WORK TO COMPLETE:
Begin the copy at the line that contains "Used 2021 Toyota RAV4 LE FWD image 66", end it at the last line of the entries below, keep every word exact, and include no pictures.

Web page caption snippets:

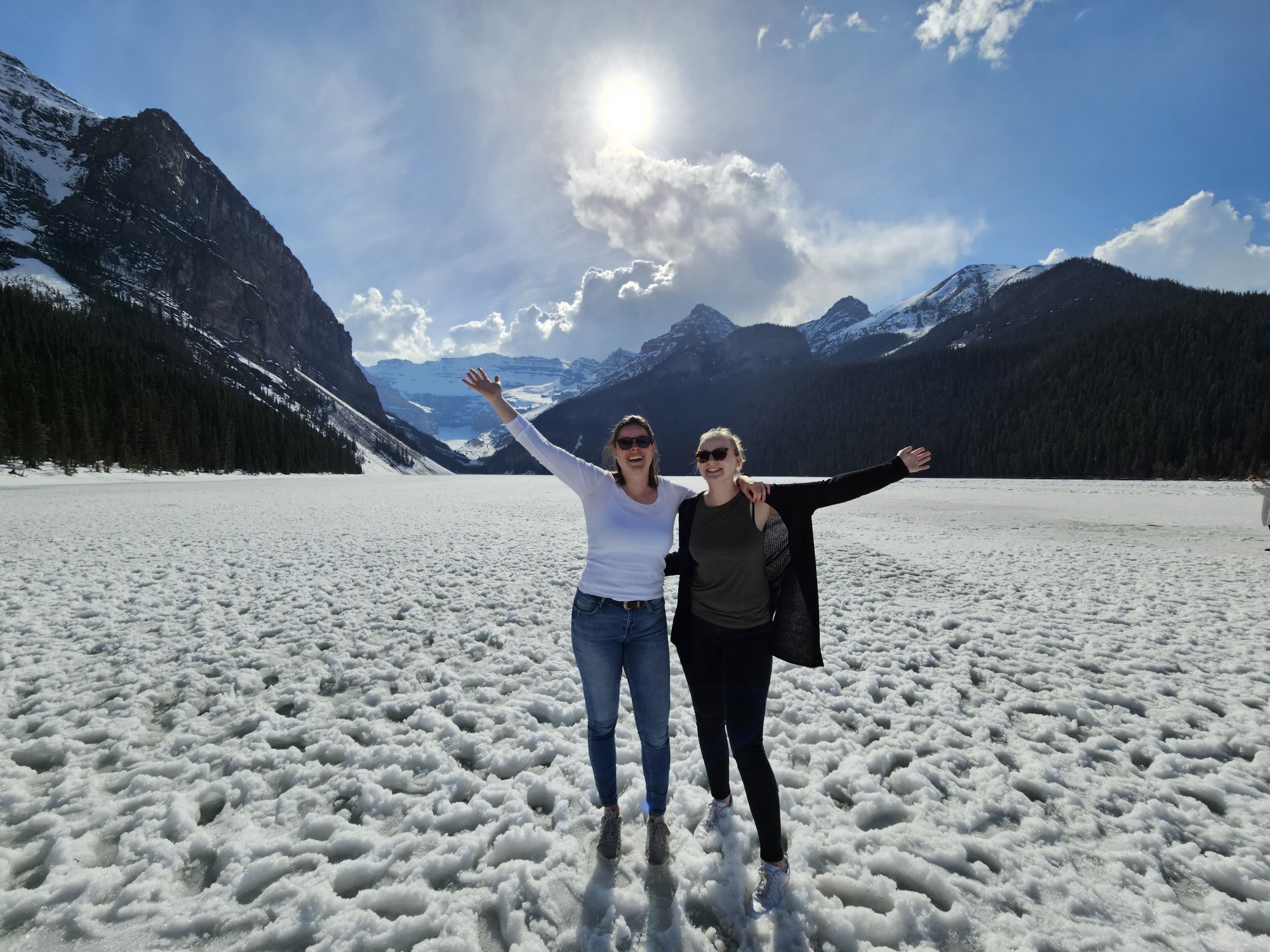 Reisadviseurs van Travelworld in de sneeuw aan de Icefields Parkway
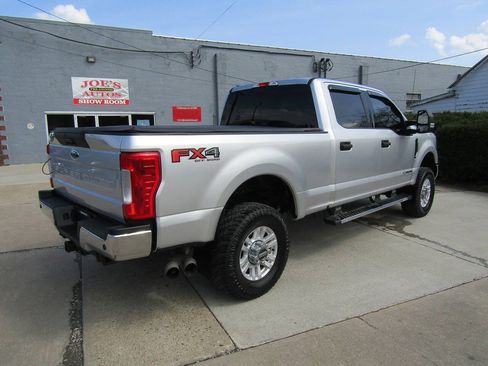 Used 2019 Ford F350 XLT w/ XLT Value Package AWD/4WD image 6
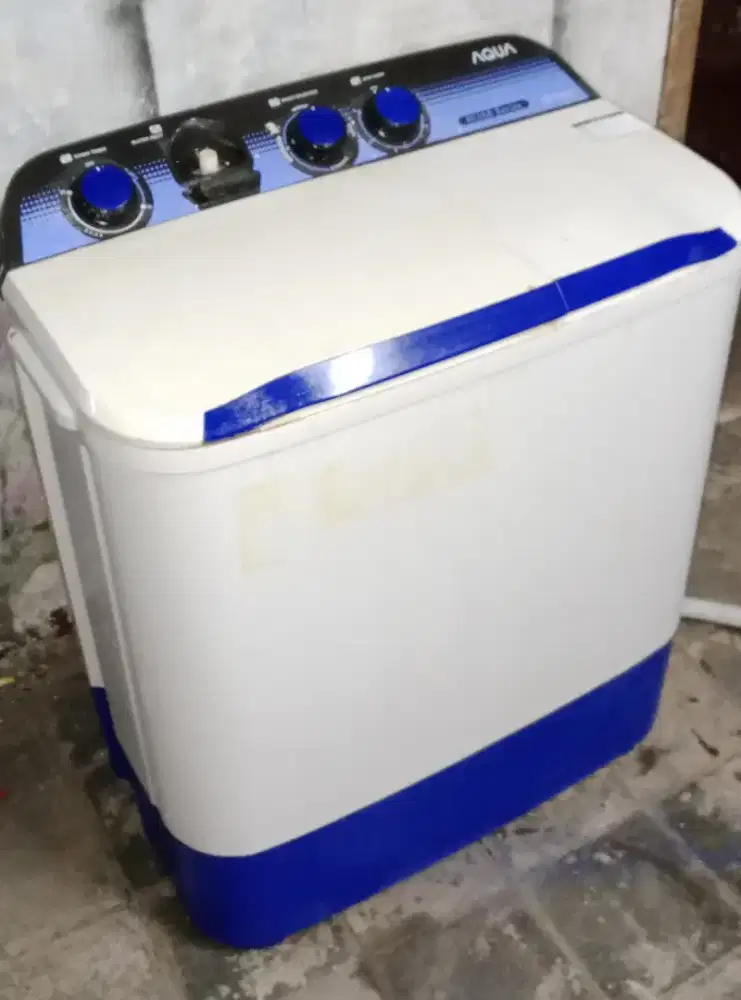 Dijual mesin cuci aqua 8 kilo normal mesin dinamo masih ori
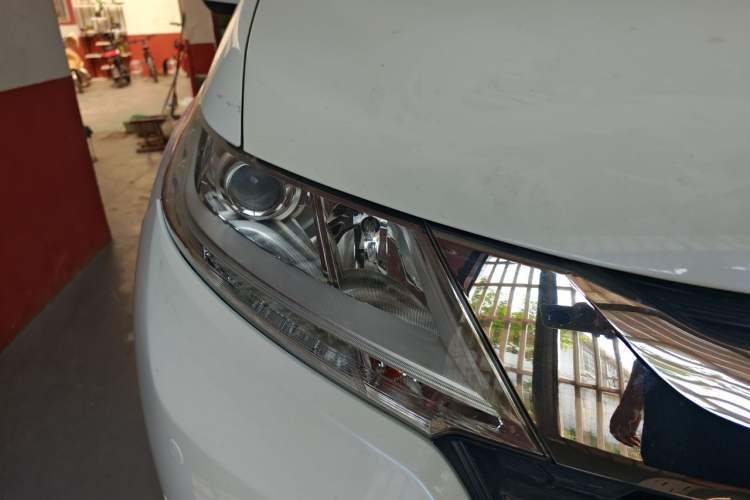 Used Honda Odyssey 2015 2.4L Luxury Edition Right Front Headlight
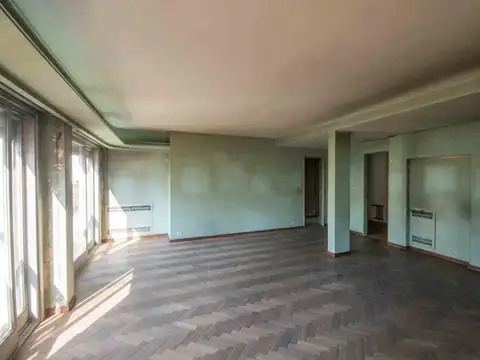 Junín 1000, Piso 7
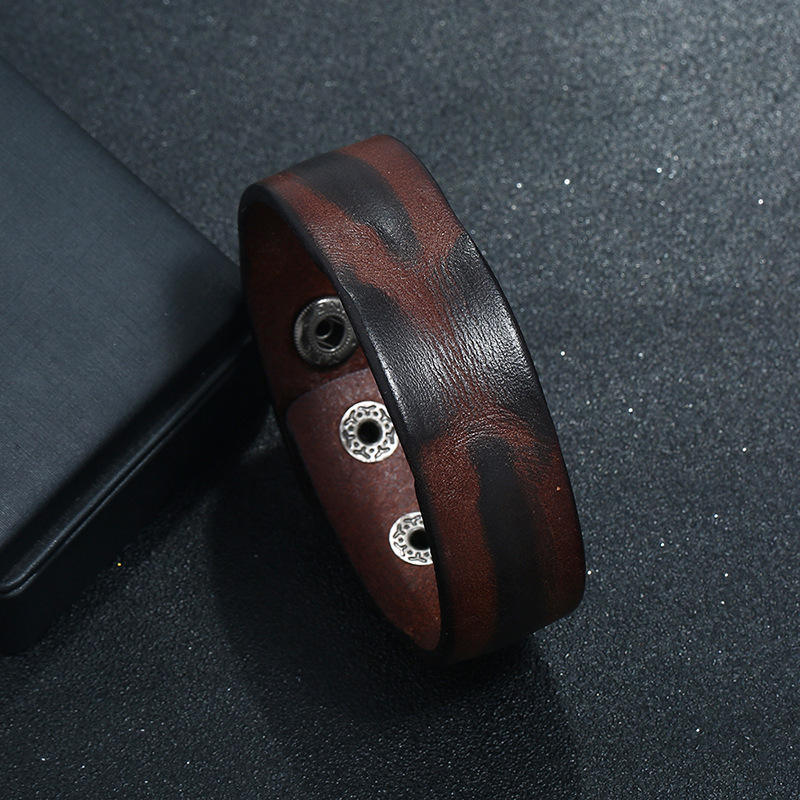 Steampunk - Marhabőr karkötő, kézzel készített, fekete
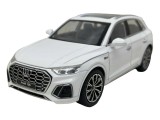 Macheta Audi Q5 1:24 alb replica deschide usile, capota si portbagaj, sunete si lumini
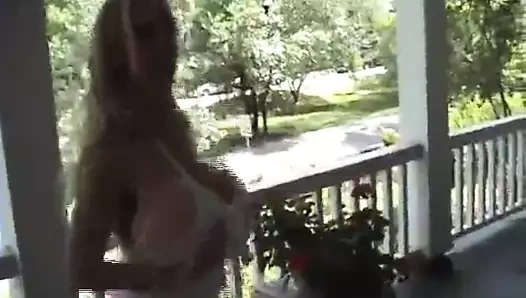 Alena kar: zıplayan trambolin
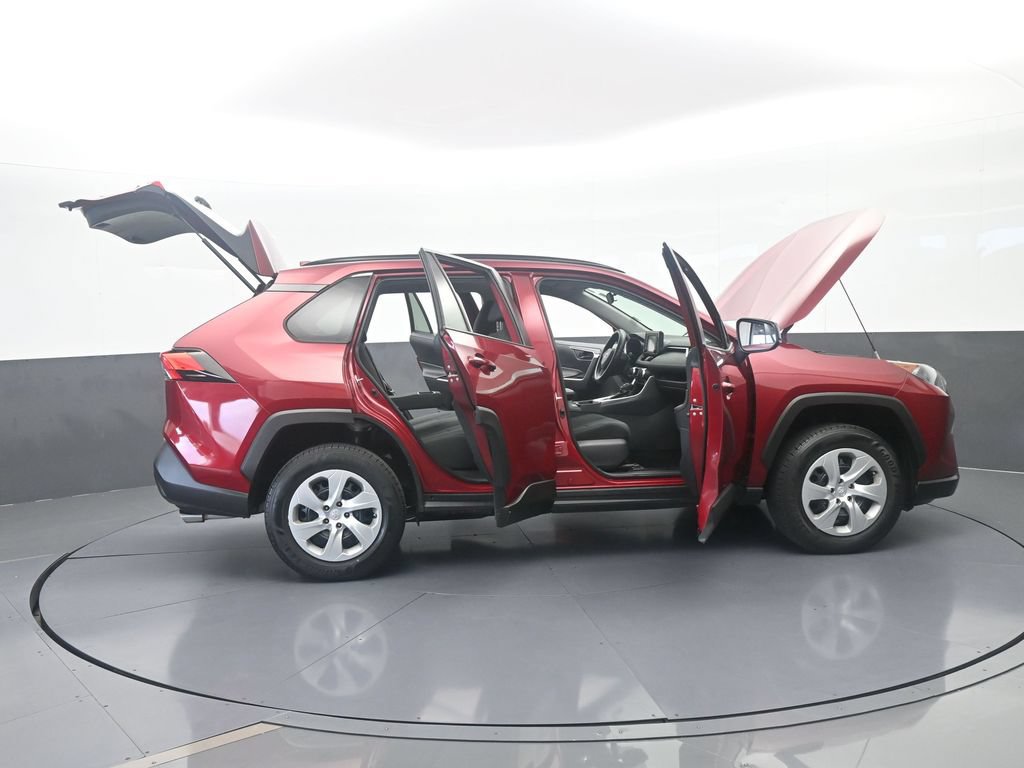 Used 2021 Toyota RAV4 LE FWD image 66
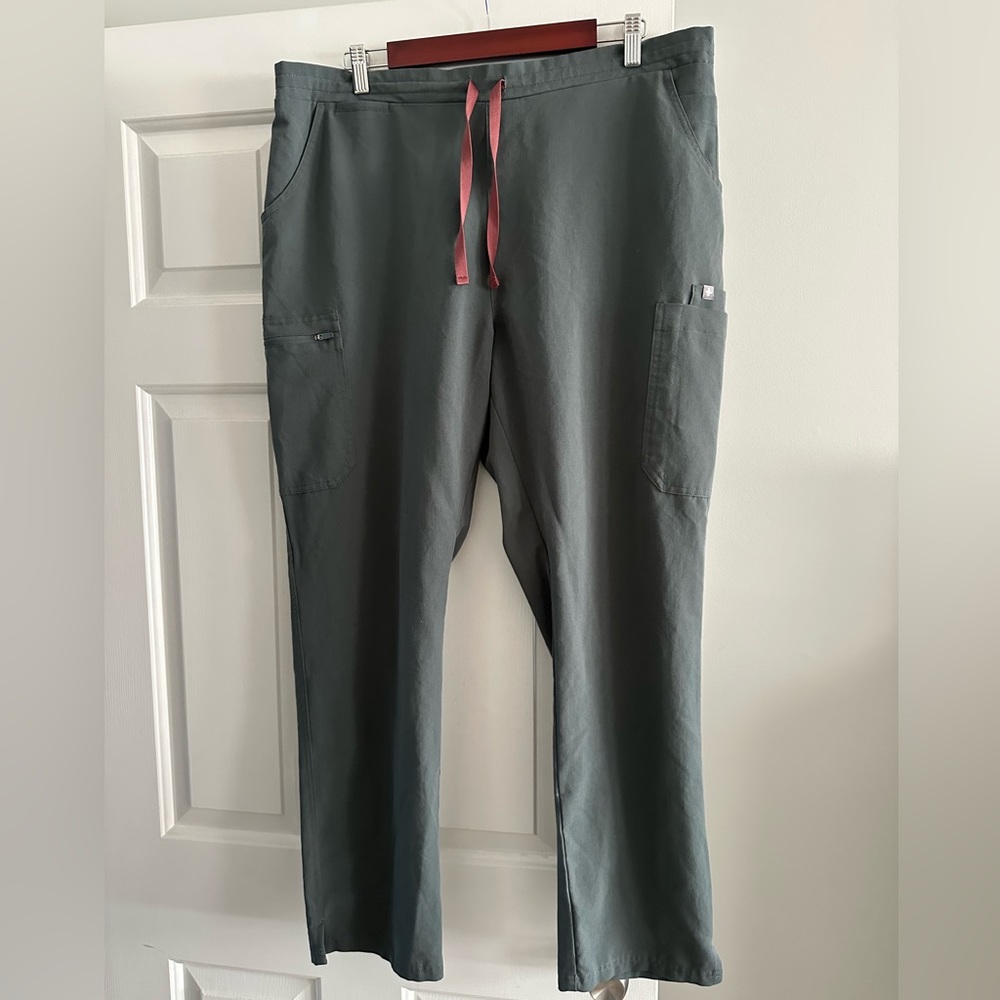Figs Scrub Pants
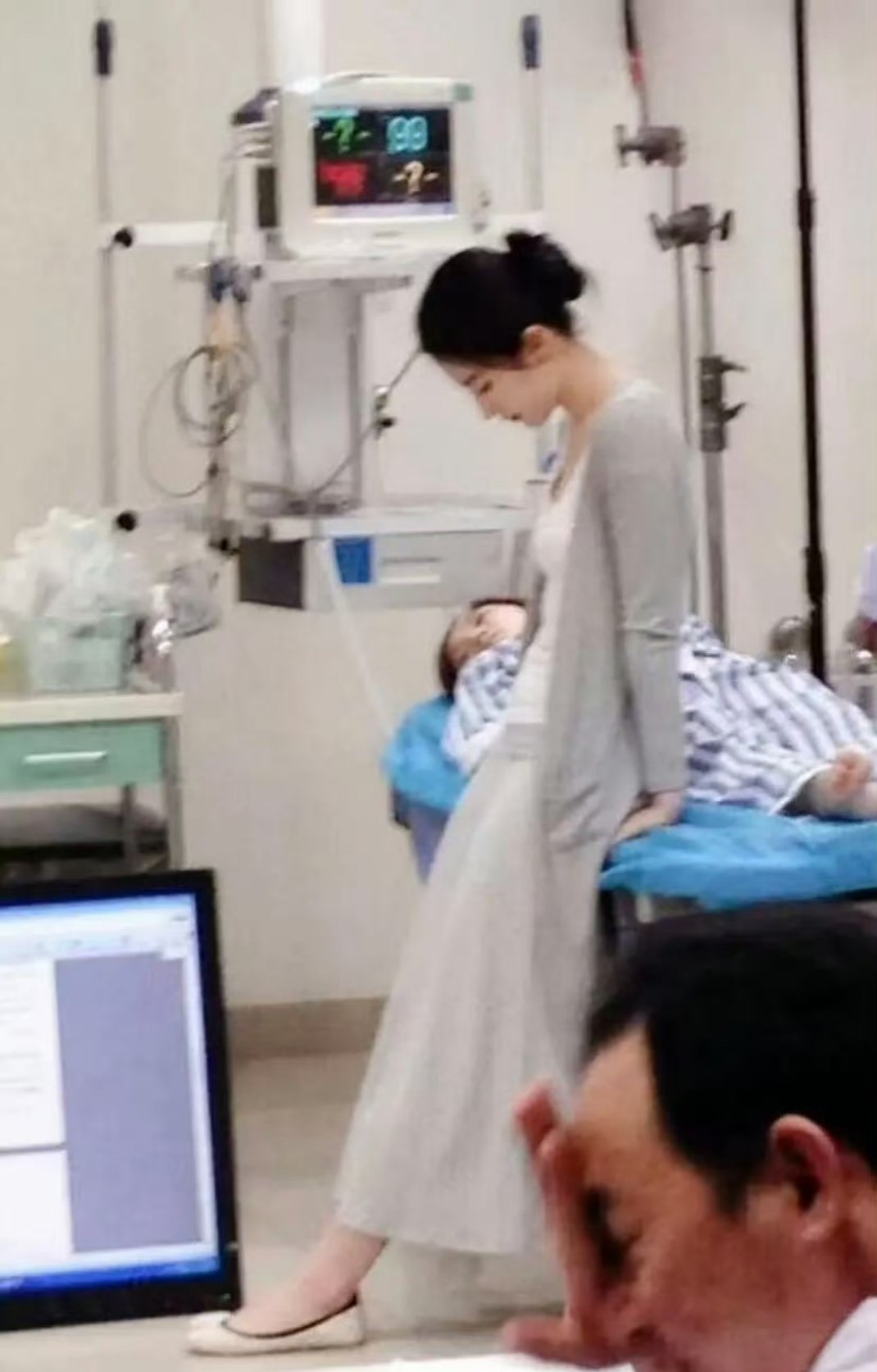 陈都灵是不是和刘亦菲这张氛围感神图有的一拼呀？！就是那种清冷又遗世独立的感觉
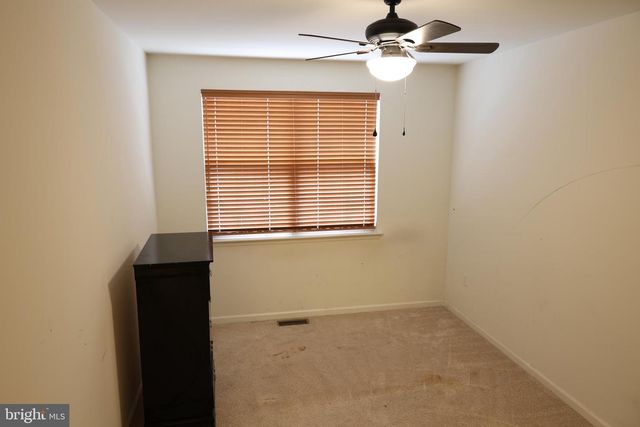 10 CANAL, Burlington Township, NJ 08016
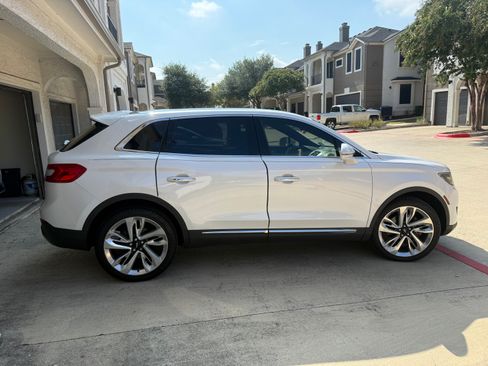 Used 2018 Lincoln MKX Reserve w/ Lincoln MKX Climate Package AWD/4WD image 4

RESPONSE TO THE EXERCISE:
 Used 2021 Toyota RAV4 LE FWD image 66
Figs Scrub Pants
 陈都灵是不是和刘亦菲这张氛围感神图有的一拼呀？！就是那种清冷又遗世独立的感觉
 10 CANAL, Burlington Township, NJ 08016
 Used 2018 Lincoln MKX Reserve w/ Lincoln MKX Climate Package AWD/4WD image 4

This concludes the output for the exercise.